What is expected: Go to the line holding "This step doesn't" in the data below and repeat it exactly, then each line after it up to and including the one holding "Hi, I'm Peter". Omit pictures.

══ Data for review

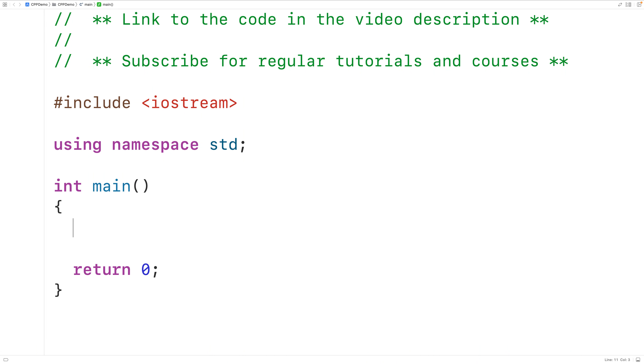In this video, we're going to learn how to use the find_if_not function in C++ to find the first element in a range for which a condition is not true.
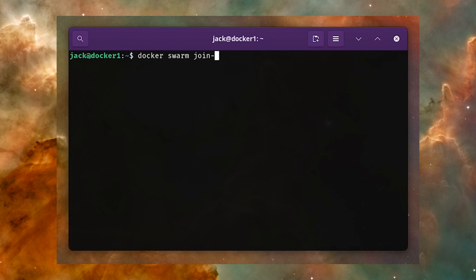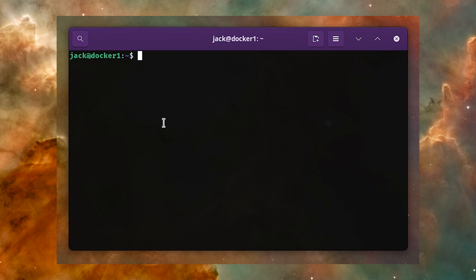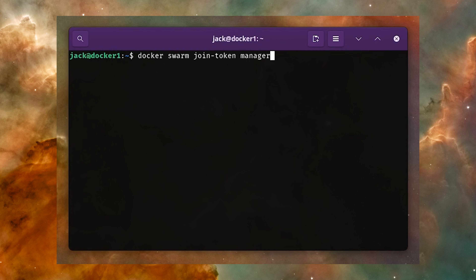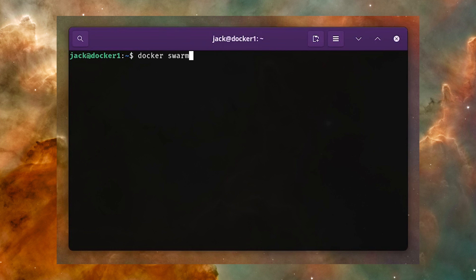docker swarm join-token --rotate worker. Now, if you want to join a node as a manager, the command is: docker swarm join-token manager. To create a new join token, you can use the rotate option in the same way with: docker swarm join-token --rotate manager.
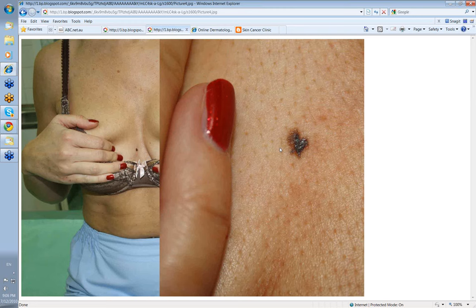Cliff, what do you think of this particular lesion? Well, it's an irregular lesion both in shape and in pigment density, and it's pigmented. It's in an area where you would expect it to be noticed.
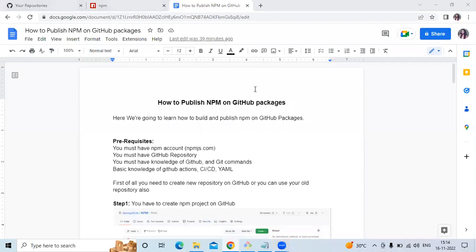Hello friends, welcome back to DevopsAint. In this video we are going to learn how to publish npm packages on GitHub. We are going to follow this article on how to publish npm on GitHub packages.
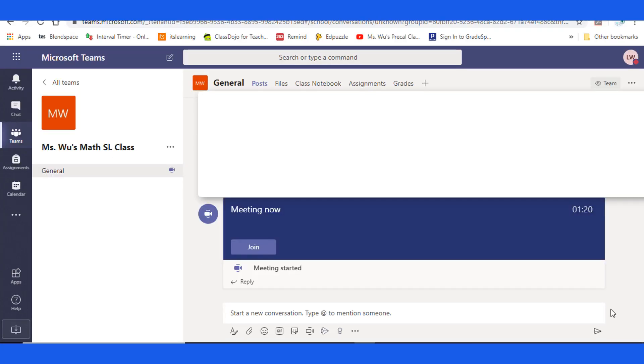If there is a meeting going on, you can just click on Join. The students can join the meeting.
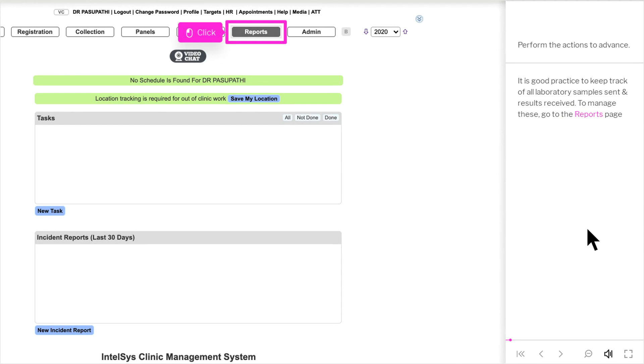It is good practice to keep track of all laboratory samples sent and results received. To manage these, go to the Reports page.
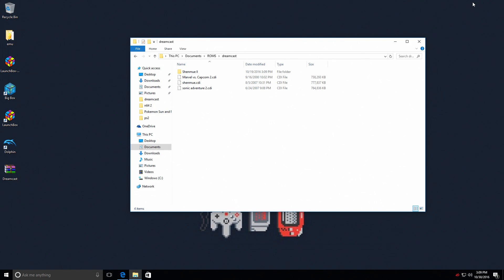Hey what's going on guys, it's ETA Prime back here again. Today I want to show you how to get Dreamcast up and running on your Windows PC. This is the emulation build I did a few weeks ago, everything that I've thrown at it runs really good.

════
══ Data for review

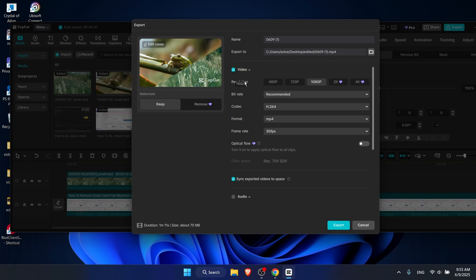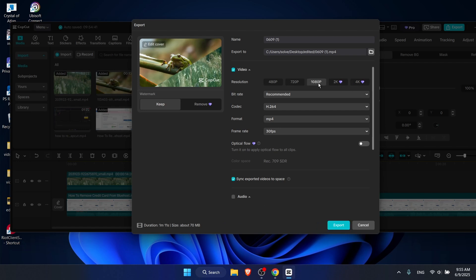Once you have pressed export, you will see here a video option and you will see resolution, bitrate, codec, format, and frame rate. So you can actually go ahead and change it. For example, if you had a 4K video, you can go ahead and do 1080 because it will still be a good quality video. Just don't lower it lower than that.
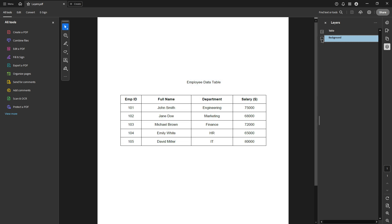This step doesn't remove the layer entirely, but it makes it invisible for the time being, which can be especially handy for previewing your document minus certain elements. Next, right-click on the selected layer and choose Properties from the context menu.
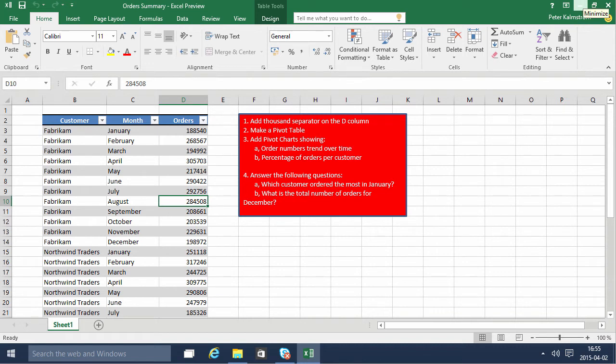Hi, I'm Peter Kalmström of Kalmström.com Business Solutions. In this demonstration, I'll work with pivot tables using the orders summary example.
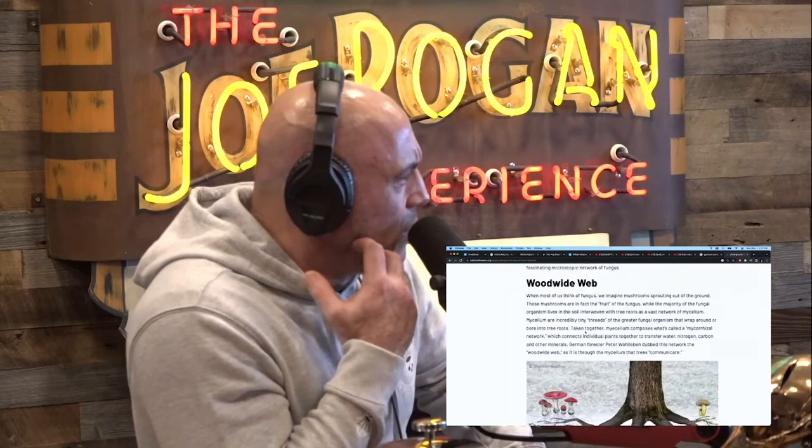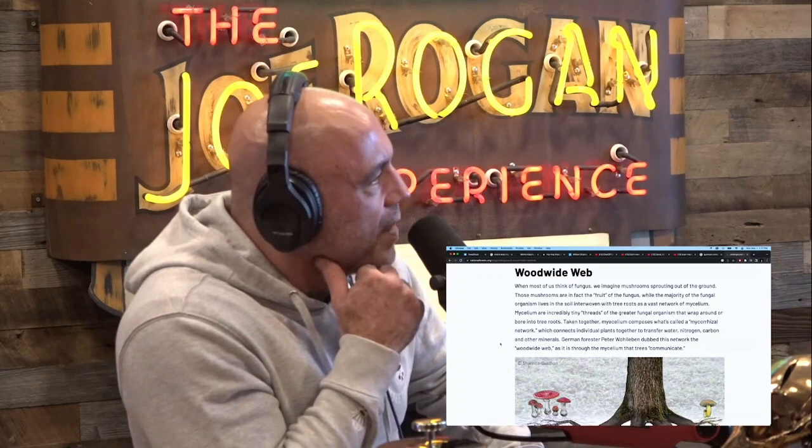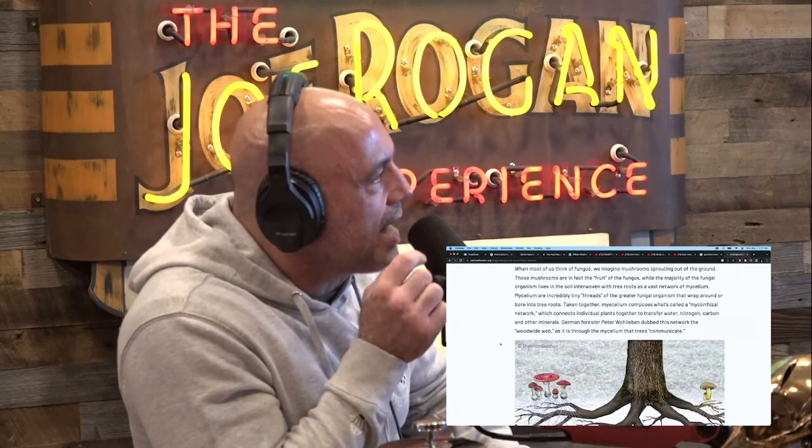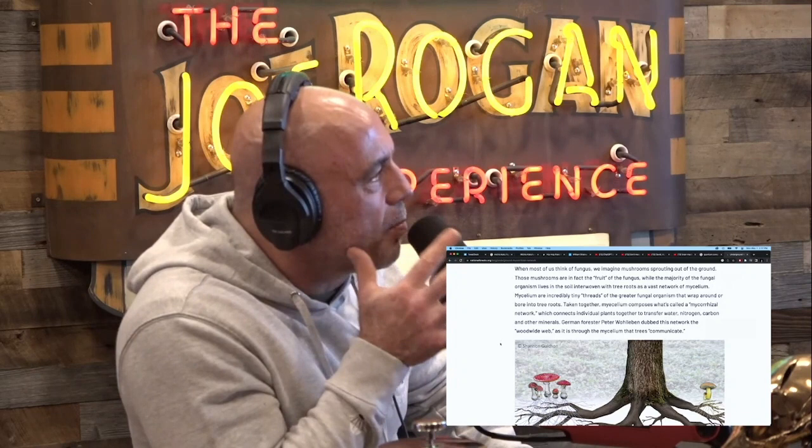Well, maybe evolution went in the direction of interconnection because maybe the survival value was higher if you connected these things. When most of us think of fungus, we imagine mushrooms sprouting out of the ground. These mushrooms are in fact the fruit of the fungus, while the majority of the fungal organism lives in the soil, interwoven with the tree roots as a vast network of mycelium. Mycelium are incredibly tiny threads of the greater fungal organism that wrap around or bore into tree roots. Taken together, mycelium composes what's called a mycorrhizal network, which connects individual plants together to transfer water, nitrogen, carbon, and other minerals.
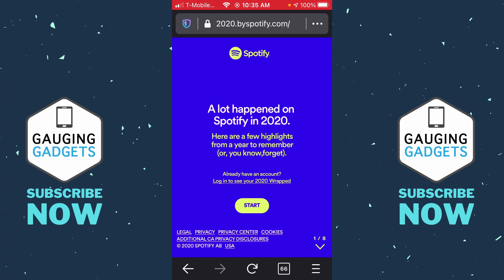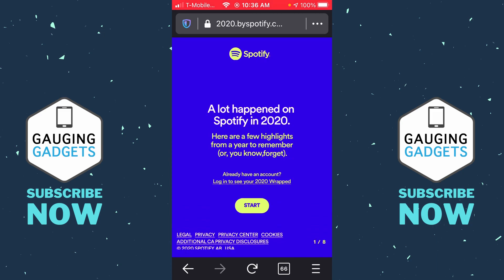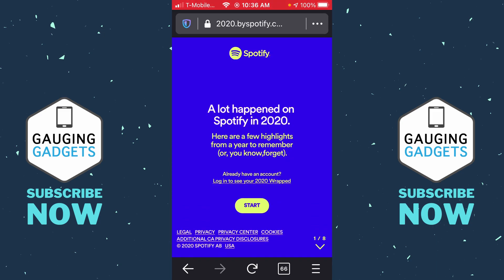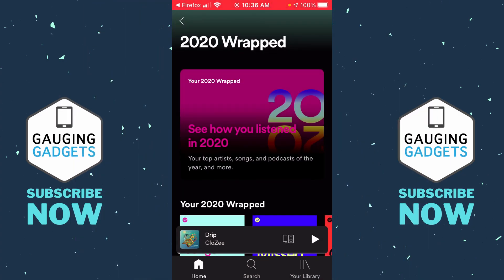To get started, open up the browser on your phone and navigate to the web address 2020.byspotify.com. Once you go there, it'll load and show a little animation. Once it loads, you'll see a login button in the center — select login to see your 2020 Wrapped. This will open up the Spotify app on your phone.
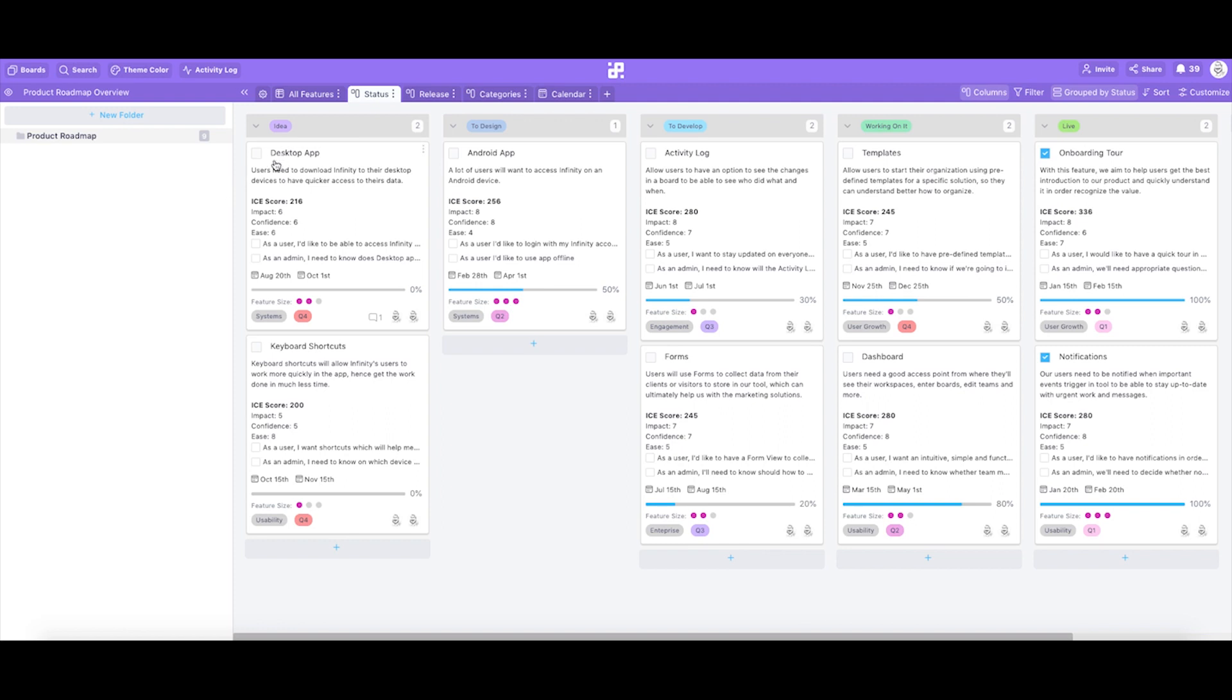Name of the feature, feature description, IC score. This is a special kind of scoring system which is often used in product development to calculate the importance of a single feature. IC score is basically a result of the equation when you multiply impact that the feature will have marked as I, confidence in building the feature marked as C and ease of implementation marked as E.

════
══ Data for review

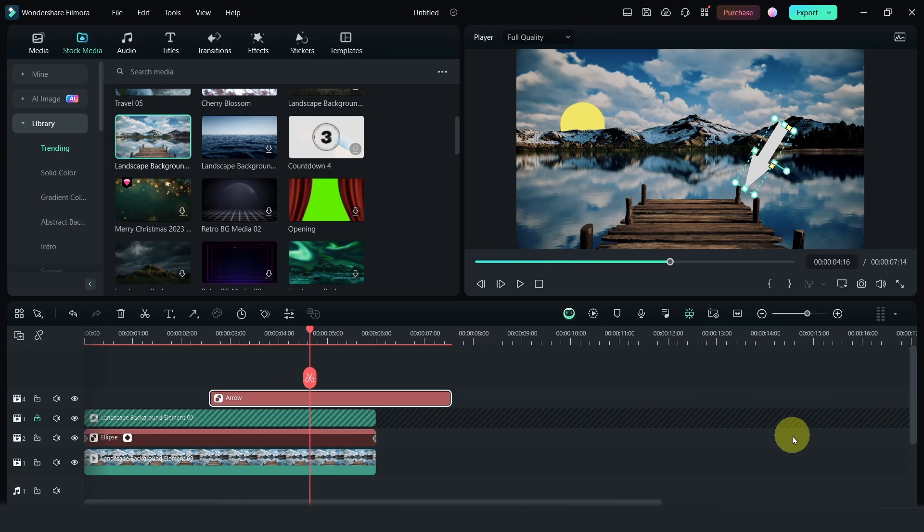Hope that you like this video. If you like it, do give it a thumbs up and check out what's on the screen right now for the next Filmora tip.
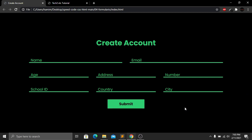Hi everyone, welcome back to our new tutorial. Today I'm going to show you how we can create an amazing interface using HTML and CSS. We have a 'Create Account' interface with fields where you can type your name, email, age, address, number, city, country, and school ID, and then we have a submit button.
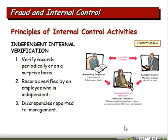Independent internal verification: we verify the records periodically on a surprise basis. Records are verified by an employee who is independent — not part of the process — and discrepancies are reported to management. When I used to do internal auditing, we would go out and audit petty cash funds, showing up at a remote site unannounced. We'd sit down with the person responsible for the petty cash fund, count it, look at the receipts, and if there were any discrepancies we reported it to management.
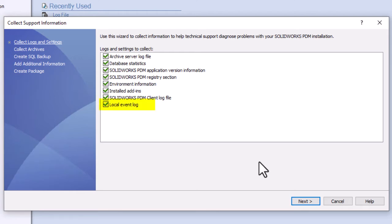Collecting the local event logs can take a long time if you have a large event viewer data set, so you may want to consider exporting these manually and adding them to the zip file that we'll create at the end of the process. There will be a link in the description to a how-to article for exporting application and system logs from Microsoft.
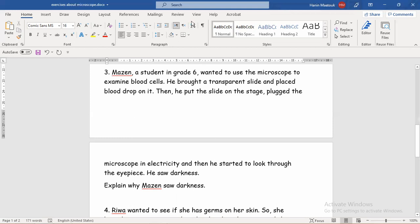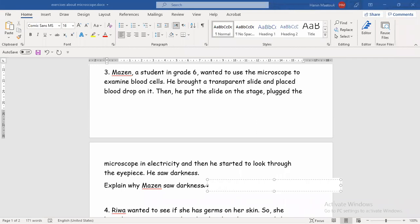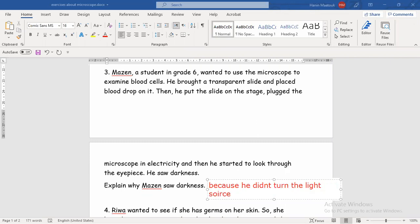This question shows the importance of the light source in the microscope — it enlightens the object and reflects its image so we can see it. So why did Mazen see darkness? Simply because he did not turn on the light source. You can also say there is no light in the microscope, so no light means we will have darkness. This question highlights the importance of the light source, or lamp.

════

Exercise output:
This step doesn't remove the layer entirely, but it makes it invisible for the time being, which can be especially handy for previewing your document minus certain elements. Next, right-click on the selected layer and choose Properties from the context menu.
Hi, I'm Peter Kalmström of Kalmström.com Business Solutions. In this demonstration, I'll work with pivot tables using the orders summary example.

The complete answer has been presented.